Achieving these results with clinicians outside the field of palliative medicine—where such conversations typically happen—is particularly important, said study co-author Dr. Joanna Paladino, who leads implementation of the Serious Illness Care Program at Ariadne Labs. “We have a dire shortage of palliative care clinicians in the United States and many patients who would benefit from patient-centered, safe and gentle serious illness conversations. What we found is that with communication skills training, a structured conversation guide and system-level support, we can equip many more clinicians to have these conversations.”
“Effective and meaningful communication is one of the most important tools of good-quality medicine, especially when patients are dealing with challenging health issues. We believe that this intervention addresses this need for patients, and also supports clinicians by making it easier for them to have these conversations, through providing them with supportive tools to have what can often be very tough conversations,” said Dr. Susan Block, founding chair of the Department of Psychosocial Oncology and Palliative Care at Dana-Farber Cancer Institute; Professor of Psychiatry and Medicine at Harvard Medical School, and the palliative care specialist who led the creation of the Serious Illness Care Program at Ariadne Labs.
The centerpiece of the program is the Serious Illness Conversation Guide, developed by palliative care experts to enable clinicians and patients to gently and safely talk about the patient’s prognosis and illness understanding, values and personal goals, fears and sources of strength, critical abilities that matter to their quality of life, and what they might be willing to go through for more time. Clinicians in the study received a 2.5 hour communication training with palliative care experts on how use the guide, followed by supportive coaching. The program also has patient and family conversation tools to prepare patients for conversations and support ongoing discussions with their family at home.
The program’s system changes were designed to support clinicians in having the conversations, including routine identification of patients at high risk who would benefit from a serious illness conversation, reminders to have the conversation, and a template to document the conversation efficiently in the electronic medical record for the entire care team.
The program was tested with 91 doctors, nurse practitioners and physician assistants and 278 cancer patients at Dana Farber from September 2012 and June 2016. Half the patients took part in the Serious Illness Care program, while half in the control group received usual care.
No difference was found between the two groups in measures of goal-concordant care and peacefulness for patients who died.

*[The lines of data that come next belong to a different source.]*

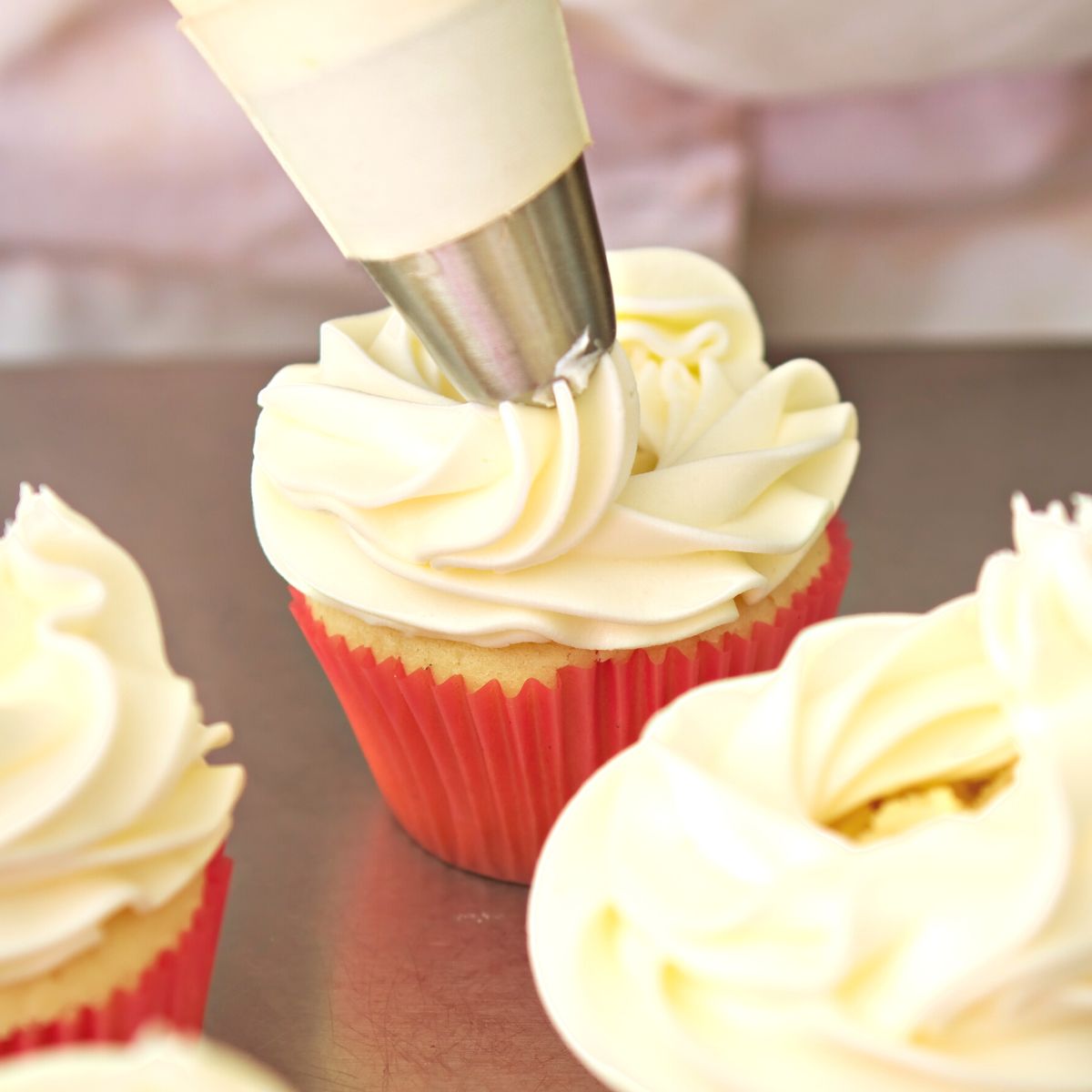 Piping champagne frosting onto cupcakes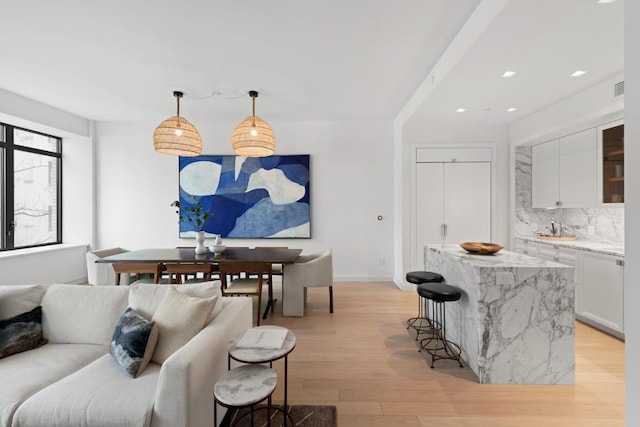 living room with light hardwood / wood-style floors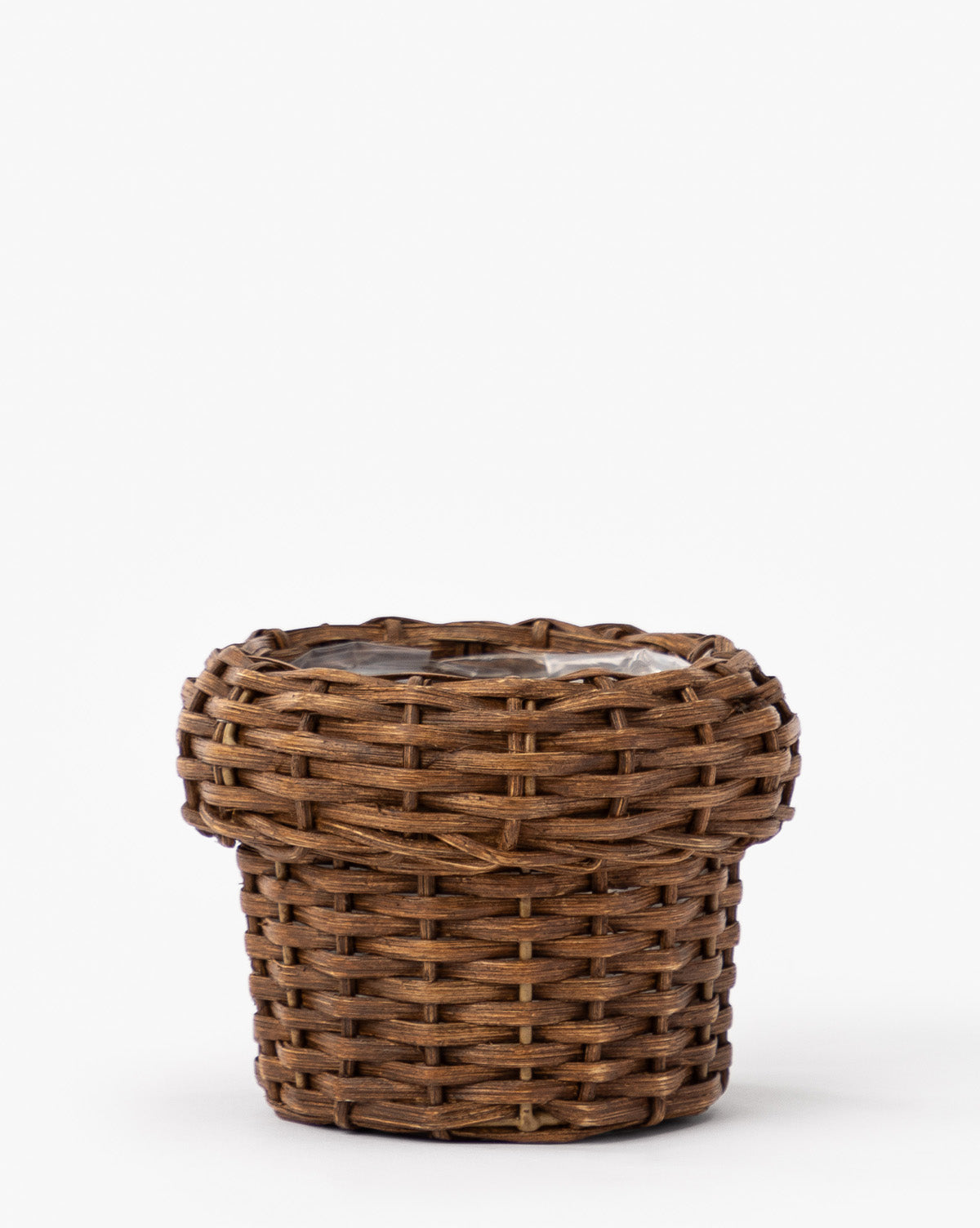 The Huger Woven Planter is a small, round, brown planter with a wide, flat rim and a clear plastic liner, shown against a plain white background, by McGee & Co.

Researchers noted that these results reflect some of the study’s limitations. The study had a smaller number of deaths than expected and fewer than expected survey responses from patients and families. Because of the limited sample size, researchers were unable to conclude whether the program was effective at improving these outcomes or if the outcome measures were appropriate.
“Our challenges reflect the urgent need in our field for patient-centered measures of communication that are agreed upon, validated, and demonstrably sensitive to communication interventions,” study authors wrote.